The Beethoven who finishes the last sonata, number 32, at the age of 52 in his life does not resemble the young man who published the first almost 30 years ago, when he was a young virtuoso full of future.

The young man composes the first sonatas as a celebration of a perfect, balanced, luminous form, inherited from Haydn and Mozart, already modified by him with a personal bias that is still taking hold.

In the final sonatas, in the last of all, the form disintegrates into abrupt mutations that reveal the very process of trying and finding the composition.

The motifs follow one another like drafts that never melt into a definitive invention: one of them takes on a strange dance fury and sounds like a boogie-woogie.

The sonata, rather than ending, dissolves like a murmur, the blurred lines of a drawing, on blank paper, silence.

Barenboim should be listened to playing that sonata, reaching that end, on the piano in his house, in the strange silence of confinement.

Nor is he the same musician who recorded it in 1984, the same person.

Confinement and stillness will have allowed him a concentration that only these exceptional circumstances have made possible.

We have seen Barenboim direct the five hours of Tristan and Isolde from memory.

I would like to know what it is like to carry all that music in your consciousness, what it will be like to progress in the journey of the piano sonatas looking only at the score, or imagining, one by one, that constellation of forms and emotions and states of mind , the intimate diary of a whole life.

It will resemble the way in which people used to carry entire poems in their memory, although perhaps also to the presence that that same music was acquiring in Beethoven's imagination as he composed it, in recent years, when he had already lost it completely. the ear.

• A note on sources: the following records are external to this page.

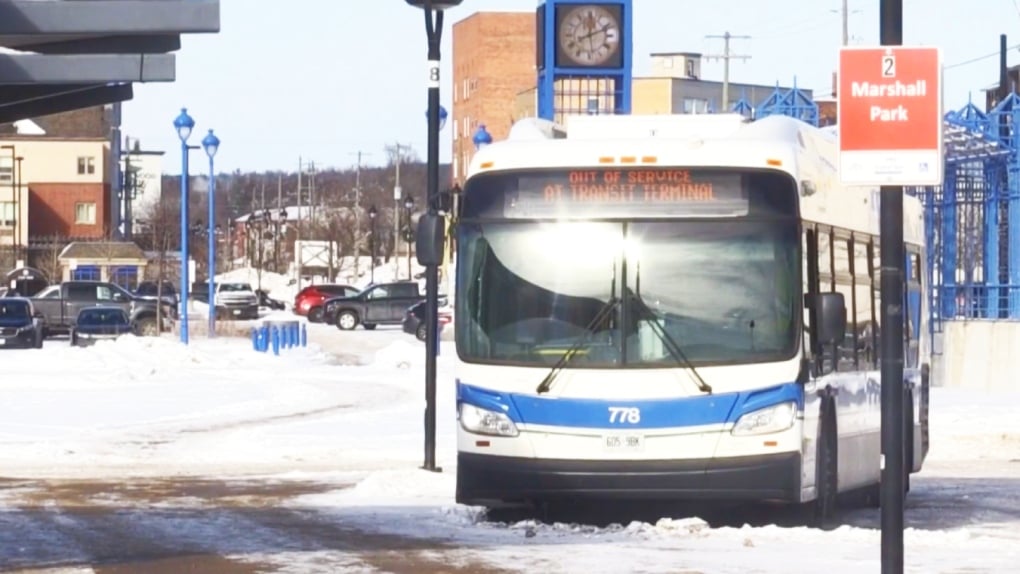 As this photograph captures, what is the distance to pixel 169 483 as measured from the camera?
19250 millimetres

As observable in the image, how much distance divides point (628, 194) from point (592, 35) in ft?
58.5

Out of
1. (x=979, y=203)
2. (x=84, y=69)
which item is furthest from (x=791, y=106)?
(x=84, y=69)

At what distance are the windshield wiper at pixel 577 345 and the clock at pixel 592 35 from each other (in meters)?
17.9

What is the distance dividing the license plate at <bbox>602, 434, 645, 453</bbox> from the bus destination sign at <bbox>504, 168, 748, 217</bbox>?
1.64 metres

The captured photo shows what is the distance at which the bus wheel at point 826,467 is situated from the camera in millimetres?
14773

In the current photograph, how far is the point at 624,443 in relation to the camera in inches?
542

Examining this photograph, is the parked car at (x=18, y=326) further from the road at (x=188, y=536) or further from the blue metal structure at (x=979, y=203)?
the road at (x=188, y=536)

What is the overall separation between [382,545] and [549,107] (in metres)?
18.8

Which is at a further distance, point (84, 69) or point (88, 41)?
point (88, 41)

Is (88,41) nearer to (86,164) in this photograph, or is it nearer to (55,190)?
(86,164)

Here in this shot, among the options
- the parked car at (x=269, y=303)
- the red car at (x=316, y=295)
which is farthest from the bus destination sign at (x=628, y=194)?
the parked car at (x=269, y=303)

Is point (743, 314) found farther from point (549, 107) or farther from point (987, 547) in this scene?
point (549, 107)

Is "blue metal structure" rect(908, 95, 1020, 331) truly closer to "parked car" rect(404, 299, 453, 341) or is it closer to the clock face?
the clock face

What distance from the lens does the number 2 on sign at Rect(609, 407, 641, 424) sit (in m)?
13.8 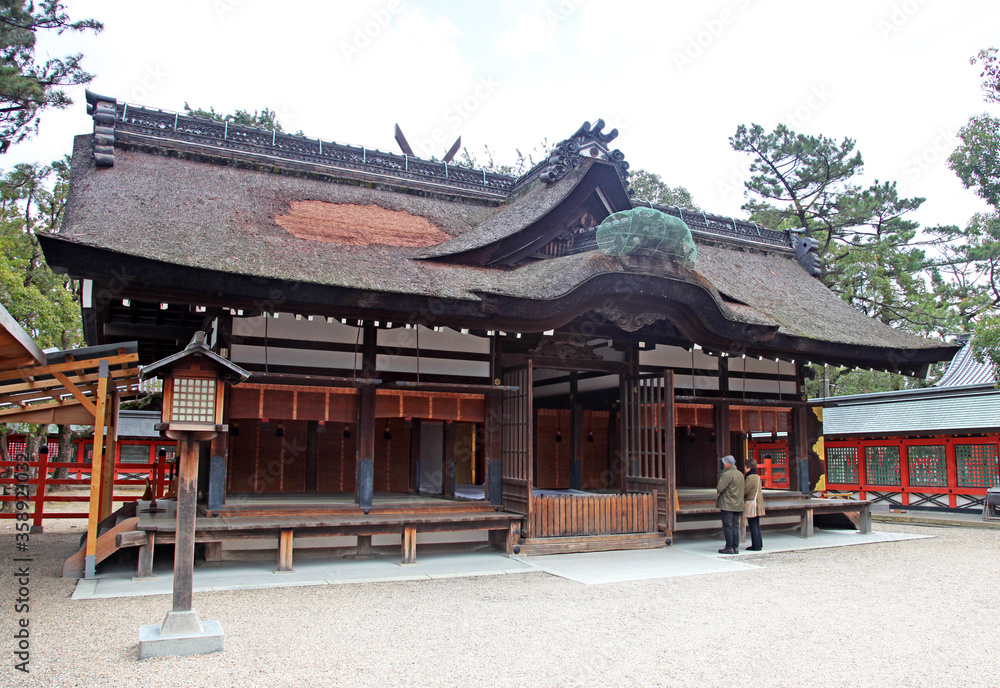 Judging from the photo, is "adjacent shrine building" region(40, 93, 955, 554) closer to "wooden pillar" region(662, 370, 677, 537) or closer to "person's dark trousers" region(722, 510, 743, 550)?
"wooden pillar" region(662, 370, 677, 537)

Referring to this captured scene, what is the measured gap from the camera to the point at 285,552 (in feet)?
27.7

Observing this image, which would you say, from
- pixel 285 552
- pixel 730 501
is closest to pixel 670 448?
pixel 730 501

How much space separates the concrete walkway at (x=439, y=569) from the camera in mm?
7590

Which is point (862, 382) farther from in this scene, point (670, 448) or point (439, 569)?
point (439, 569)

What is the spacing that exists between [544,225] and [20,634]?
343 inches

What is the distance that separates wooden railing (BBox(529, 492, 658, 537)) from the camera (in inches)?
390

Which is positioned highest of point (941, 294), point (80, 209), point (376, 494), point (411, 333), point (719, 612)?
point (941, 294)

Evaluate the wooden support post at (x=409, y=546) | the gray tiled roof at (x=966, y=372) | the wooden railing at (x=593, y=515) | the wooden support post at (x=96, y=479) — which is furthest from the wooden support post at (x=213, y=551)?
the gray tiled roof at (x=966, y=372)

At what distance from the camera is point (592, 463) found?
47.7ft

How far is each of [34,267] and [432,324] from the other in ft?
62.5

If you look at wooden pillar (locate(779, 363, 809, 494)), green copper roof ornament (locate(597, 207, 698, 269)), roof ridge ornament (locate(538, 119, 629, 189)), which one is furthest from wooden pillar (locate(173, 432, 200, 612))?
wooden pillar (locate(779, 363, 809, 494))

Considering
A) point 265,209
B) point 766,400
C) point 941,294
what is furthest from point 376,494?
point 941,294

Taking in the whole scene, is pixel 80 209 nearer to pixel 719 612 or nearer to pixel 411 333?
pixel 411 333

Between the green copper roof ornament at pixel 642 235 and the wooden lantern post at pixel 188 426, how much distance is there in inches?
238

In a vicarious way, even the amateur, even if he does not have musical training, can dwell in the sonatas, stay in them for a long time, without the rush and anxiety of listening to other things, with a sedentary lifestyle that is not entirely elective, because it would have existed without the confinement.

In the inhospitable days of mid-March I found a coat in that case of Beethoven's sonatas recorded by Barenboim in 1984, and I am still in it.

The more I listen to them, the more resonances they awaken in me, and the more new things I discover in them.

I can't imagine what it will be like to touch them yourself, really live in them.